Task prompt - Among the lines below, a stretch begins at the one with "Lot 333 / Leurres" and ends at the one with "1pc Wooden Framed". Repeat that stretch exactly, ends included.

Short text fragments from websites

- Opening Delimiter -

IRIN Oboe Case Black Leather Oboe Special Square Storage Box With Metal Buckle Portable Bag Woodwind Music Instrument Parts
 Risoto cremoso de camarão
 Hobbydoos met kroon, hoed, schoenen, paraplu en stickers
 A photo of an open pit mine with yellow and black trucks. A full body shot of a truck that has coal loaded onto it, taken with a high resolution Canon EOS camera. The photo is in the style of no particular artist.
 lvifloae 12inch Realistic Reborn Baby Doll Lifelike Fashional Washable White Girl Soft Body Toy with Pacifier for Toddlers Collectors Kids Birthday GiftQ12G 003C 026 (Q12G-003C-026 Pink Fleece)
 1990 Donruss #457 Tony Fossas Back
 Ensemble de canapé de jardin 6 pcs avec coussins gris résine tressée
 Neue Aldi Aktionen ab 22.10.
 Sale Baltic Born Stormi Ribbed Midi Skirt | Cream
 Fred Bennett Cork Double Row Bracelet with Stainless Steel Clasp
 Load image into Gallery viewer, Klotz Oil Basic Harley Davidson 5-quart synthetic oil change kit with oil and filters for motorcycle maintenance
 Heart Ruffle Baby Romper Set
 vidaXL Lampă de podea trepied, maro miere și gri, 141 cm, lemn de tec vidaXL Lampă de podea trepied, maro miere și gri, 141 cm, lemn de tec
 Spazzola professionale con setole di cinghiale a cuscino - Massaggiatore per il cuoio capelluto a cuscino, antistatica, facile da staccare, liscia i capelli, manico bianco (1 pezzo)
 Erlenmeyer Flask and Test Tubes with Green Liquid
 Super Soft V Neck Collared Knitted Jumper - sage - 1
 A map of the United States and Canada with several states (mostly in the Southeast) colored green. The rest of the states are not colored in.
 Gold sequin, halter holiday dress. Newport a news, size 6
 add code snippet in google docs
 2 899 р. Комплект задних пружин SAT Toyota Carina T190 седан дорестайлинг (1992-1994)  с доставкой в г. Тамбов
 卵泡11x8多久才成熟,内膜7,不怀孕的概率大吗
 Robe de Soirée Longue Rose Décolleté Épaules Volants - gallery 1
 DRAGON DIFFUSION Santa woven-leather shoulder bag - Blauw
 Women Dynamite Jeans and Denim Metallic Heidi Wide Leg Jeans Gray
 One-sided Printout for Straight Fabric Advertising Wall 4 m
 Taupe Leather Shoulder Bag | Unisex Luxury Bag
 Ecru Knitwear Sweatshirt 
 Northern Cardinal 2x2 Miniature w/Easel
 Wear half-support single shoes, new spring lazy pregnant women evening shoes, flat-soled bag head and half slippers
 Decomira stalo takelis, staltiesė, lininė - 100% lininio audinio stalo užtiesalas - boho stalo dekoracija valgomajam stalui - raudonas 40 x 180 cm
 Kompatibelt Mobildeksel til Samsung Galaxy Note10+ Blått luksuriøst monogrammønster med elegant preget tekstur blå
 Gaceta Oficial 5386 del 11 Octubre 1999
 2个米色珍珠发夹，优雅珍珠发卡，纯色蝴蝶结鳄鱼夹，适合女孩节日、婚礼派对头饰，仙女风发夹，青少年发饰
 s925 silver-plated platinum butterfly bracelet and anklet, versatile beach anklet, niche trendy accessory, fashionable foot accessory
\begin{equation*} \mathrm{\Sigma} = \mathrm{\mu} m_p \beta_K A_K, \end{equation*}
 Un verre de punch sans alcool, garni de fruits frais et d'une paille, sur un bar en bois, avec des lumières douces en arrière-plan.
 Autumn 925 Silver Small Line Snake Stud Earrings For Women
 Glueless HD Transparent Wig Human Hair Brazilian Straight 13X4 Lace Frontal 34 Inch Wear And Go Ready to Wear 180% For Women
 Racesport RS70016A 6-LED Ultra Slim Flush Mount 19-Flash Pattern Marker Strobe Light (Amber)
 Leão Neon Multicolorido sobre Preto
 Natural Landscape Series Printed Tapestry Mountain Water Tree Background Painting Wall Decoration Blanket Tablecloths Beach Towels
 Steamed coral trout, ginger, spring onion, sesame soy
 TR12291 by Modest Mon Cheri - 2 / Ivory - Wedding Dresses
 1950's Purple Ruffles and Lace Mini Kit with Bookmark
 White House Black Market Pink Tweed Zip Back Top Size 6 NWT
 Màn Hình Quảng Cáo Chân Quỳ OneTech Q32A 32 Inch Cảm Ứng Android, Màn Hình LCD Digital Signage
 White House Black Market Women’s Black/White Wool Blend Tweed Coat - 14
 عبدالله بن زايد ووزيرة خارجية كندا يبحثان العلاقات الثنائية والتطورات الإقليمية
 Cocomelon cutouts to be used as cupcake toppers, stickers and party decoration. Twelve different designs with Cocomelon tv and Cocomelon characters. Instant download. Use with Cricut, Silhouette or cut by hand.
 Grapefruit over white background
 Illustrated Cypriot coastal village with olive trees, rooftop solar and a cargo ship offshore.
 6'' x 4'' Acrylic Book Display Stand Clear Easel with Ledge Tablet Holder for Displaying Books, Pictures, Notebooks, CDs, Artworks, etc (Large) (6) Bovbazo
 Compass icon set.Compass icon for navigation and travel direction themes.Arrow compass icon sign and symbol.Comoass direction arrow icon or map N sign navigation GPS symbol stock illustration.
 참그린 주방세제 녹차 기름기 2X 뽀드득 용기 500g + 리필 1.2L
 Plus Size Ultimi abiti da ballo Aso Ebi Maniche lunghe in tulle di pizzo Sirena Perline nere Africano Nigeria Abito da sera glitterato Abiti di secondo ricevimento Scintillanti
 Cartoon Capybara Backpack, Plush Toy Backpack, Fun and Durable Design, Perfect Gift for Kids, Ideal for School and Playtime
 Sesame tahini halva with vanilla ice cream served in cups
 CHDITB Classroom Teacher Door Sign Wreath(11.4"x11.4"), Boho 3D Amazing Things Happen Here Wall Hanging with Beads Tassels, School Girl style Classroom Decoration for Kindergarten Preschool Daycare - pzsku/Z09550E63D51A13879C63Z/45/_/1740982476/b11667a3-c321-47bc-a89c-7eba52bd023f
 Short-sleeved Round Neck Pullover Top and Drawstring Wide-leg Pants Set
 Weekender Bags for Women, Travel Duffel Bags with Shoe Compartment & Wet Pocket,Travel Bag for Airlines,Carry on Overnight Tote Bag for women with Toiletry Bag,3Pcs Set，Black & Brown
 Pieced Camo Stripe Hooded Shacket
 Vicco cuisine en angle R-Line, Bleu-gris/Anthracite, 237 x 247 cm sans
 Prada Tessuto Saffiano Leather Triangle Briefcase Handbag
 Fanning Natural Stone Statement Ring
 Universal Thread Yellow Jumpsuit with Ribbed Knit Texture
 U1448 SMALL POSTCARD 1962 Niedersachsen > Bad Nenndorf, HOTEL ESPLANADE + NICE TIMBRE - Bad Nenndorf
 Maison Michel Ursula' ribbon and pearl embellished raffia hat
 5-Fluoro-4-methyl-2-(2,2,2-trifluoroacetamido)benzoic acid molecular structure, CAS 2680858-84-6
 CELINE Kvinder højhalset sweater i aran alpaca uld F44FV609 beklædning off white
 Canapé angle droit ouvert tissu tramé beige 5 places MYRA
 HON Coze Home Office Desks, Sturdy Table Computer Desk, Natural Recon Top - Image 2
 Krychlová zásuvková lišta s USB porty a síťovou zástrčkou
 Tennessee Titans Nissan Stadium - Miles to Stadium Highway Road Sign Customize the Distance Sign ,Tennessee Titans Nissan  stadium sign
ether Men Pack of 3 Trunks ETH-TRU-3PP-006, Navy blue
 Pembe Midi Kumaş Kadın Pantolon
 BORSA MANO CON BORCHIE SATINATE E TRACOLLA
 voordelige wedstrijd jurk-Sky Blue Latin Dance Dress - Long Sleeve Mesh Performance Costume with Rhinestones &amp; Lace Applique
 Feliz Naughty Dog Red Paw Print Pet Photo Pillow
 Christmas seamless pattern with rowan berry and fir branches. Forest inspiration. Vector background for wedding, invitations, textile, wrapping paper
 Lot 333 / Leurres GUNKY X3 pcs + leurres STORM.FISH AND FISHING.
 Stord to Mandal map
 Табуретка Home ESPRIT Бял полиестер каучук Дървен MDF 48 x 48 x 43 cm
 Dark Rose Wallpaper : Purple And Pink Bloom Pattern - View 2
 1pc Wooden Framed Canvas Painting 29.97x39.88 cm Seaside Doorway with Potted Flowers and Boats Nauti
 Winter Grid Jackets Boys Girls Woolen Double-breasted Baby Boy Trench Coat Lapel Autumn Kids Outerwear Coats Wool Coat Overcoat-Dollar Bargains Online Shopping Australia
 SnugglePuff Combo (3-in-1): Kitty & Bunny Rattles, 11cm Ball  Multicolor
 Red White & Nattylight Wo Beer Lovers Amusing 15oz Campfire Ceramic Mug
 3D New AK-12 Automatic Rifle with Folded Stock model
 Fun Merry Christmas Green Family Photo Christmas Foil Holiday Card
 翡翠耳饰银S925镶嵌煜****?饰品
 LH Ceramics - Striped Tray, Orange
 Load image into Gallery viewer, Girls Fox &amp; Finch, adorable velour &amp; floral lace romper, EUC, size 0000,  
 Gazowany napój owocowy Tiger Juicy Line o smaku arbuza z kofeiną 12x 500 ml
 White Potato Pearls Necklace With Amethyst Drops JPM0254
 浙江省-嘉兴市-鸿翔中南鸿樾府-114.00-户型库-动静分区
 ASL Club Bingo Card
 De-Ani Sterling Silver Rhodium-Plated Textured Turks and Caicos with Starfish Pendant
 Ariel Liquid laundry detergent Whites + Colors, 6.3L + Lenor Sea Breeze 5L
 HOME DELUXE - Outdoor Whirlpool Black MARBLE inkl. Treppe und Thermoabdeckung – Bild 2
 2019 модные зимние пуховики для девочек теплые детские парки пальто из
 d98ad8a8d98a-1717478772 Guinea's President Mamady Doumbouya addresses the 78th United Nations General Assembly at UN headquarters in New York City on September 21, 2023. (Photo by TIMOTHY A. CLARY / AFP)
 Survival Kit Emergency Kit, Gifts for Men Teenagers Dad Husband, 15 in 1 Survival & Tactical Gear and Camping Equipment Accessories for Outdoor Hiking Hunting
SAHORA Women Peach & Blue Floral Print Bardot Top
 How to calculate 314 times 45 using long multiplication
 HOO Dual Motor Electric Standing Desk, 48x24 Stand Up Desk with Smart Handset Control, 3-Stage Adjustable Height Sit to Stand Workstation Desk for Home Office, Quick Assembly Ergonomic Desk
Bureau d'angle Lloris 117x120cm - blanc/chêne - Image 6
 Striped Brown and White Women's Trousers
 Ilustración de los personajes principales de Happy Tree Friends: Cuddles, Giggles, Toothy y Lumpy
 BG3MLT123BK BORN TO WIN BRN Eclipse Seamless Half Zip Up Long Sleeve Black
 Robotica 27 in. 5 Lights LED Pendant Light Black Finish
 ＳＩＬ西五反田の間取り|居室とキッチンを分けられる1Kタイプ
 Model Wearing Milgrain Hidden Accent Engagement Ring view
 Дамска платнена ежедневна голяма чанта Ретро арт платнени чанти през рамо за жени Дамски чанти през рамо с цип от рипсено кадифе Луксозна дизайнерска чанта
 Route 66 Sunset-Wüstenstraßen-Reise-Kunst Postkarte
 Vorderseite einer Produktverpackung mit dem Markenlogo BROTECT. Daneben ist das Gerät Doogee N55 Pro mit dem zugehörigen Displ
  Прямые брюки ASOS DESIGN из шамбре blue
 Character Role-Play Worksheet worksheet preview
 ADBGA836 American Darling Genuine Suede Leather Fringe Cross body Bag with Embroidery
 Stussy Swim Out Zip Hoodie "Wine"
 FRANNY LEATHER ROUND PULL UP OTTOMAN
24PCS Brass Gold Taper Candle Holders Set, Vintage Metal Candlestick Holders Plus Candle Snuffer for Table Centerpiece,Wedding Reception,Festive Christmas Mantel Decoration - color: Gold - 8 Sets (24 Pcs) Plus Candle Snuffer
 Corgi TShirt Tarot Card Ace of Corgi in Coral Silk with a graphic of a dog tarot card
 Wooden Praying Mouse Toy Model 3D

- Closing Delimiter -

Task answer -
 Lot 333 / Leurres GUNKY X3 pcs + leurres STORM.FISH AND FISHING.
 Stord to Mandal map
 Табуретка Home ESPRIT Бял полиестер каучук Дървен MDF 48 x 48 x 43 cm
 Dark Rose Wallpaper : Purple And Pink Bloom Pattern - View 2
 1pc Wooden Framed Canvas Painting 29.97x39.88 cm Seaside Doorway with Potted Flowers and Boats Nauti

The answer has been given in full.